• Exercise brief:
Find every line containing the word "seed" in the records below; report only how many there are.

----

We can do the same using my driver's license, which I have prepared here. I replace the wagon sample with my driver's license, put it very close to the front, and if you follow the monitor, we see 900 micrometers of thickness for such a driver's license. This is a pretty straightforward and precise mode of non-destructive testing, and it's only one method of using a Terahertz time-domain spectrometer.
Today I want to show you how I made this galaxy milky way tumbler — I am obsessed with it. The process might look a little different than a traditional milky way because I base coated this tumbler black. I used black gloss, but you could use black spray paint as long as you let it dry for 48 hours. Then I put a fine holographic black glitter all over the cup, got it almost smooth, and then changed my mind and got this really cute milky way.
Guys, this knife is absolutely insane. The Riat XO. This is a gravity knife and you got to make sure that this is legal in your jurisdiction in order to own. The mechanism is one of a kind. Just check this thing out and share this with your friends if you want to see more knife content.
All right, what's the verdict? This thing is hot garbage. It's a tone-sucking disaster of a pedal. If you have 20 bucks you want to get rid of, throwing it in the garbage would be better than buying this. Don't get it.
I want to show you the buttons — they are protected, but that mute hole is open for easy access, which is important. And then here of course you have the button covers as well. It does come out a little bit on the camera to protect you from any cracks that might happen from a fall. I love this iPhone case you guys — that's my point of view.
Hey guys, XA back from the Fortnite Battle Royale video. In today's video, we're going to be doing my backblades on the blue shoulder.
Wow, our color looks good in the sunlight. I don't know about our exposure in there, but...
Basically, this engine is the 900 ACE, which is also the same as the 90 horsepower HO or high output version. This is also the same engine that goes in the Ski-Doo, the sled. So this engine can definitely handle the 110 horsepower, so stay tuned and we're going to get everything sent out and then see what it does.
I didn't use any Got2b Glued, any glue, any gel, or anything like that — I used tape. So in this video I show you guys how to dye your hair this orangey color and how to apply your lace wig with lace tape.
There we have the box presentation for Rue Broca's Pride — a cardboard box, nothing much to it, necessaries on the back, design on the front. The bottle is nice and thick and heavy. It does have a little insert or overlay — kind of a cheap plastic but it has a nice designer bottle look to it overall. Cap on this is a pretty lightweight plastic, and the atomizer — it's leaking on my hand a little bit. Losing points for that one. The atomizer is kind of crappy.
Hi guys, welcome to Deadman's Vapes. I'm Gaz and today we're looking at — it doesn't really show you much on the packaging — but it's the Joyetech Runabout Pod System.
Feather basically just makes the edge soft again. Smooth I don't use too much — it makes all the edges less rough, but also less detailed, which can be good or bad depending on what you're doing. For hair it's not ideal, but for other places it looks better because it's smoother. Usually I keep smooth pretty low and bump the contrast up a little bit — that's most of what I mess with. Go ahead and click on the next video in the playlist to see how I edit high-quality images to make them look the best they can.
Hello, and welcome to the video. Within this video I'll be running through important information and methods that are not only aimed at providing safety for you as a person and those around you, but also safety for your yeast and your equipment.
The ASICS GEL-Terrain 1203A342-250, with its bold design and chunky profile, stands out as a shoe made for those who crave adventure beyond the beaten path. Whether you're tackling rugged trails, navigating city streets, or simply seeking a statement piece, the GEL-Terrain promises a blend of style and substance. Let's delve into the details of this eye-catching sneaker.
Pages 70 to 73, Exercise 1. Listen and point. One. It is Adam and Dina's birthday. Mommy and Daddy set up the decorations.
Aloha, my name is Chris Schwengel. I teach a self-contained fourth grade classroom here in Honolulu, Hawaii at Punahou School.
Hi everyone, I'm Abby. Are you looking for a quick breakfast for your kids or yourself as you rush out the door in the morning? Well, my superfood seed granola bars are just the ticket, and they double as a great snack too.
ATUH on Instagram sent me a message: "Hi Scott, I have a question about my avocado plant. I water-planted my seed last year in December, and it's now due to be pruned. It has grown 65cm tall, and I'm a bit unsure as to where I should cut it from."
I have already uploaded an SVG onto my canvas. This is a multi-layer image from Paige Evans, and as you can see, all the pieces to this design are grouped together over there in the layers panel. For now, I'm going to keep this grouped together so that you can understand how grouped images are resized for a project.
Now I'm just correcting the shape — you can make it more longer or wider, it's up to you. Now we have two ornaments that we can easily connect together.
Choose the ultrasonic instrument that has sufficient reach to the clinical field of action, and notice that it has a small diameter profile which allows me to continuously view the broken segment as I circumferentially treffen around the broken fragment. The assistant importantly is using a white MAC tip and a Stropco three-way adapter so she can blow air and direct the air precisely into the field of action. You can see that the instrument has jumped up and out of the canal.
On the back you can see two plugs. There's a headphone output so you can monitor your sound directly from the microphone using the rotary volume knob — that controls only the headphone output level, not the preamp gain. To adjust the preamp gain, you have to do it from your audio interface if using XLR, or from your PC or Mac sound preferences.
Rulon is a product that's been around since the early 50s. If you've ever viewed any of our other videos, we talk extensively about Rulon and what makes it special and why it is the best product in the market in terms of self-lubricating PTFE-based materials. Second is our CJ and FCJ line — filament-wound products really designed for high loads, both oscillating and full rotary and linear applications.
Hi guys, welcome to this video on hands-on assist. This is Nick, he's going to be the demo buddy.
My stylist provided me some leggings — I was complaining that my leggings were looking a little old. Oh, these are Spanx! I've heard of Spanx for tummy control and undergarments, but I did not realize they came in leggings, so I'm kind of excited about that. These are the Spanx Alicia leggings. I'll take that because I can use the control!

----

• Exercise answer:
2